Reklama.
Papież o takim charakterze, jak Franciszek jest spełnieniem marzeń nie tylko dla wielu wierzących, ale i... przemysłu wydawniczego, oraz wszelkich mediów. Wielkanocnym hitem w TVP w niedzielę był przecież przygotowany naprędce film dokumentalny, który miał nam przybliżyć sylwetkę nowego Ojca Świętego. W rzeczywistości najbardziej napracowali się przy nim jedynie montażyści, którzy materiały z Watykanu z kilkunastu ostaniach dni sprytnie połączyli w prawie godzinną audycję. Niczego nowego o Jorge Mario Bergoglio z tego dokumentu jednak nie mogliśmy się dowiedzieć, ale sporą oglądalność na pewno telewizja publiczna sobie dzięki niemu zapewniła.
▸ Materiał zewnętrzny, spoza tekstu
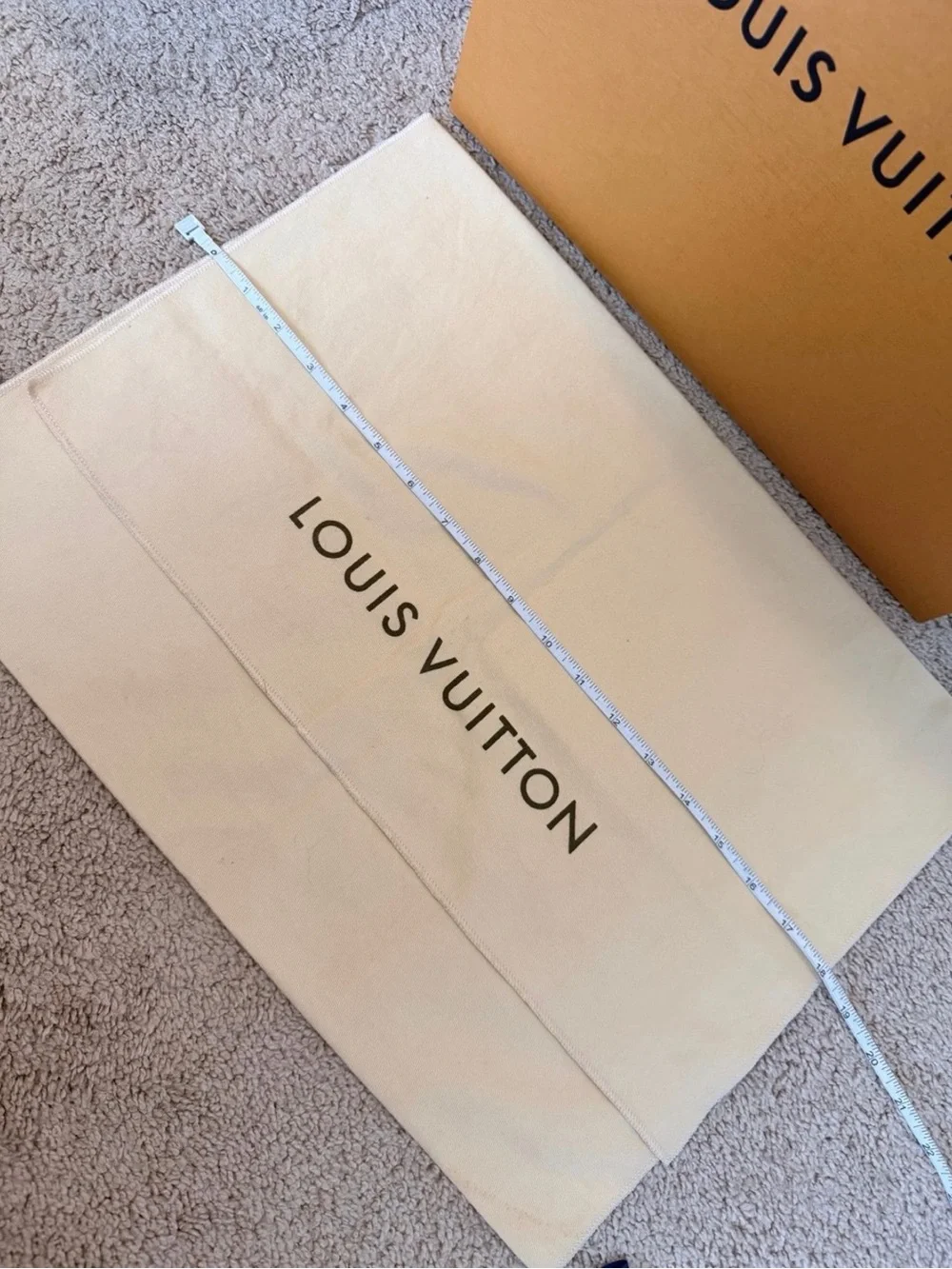 LOUIS VUITTON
Równie spore dochody już zapewnione mają także wydawcy pierwszej biografii papieża Franciszka, która w Polsce ma się ukazać już za dwa tygodnie. Zebrania najważniejszych informacji na temat nowego przywódcy Kościoła katolickiego w tak krótkim czasie od zakończenia konklawe podjął się włoski watykanista Andrea Tornielli. Tempo badania życiorysu papieża Franciszka dziennikarz miał niezwykle szybkie. Polska edycja jego książki ukaże się co prawda w połowie kwietnia, ale we Włoszech premierę miała ona już w Wielki Piątek. Wydawcy przed wersją polską zamierzają szybciej wypuścić na rynek tylko tę przygotowaną do dystrybucji w USA, gdzie papież również wzbudza wiele sympatii i zainteresowania.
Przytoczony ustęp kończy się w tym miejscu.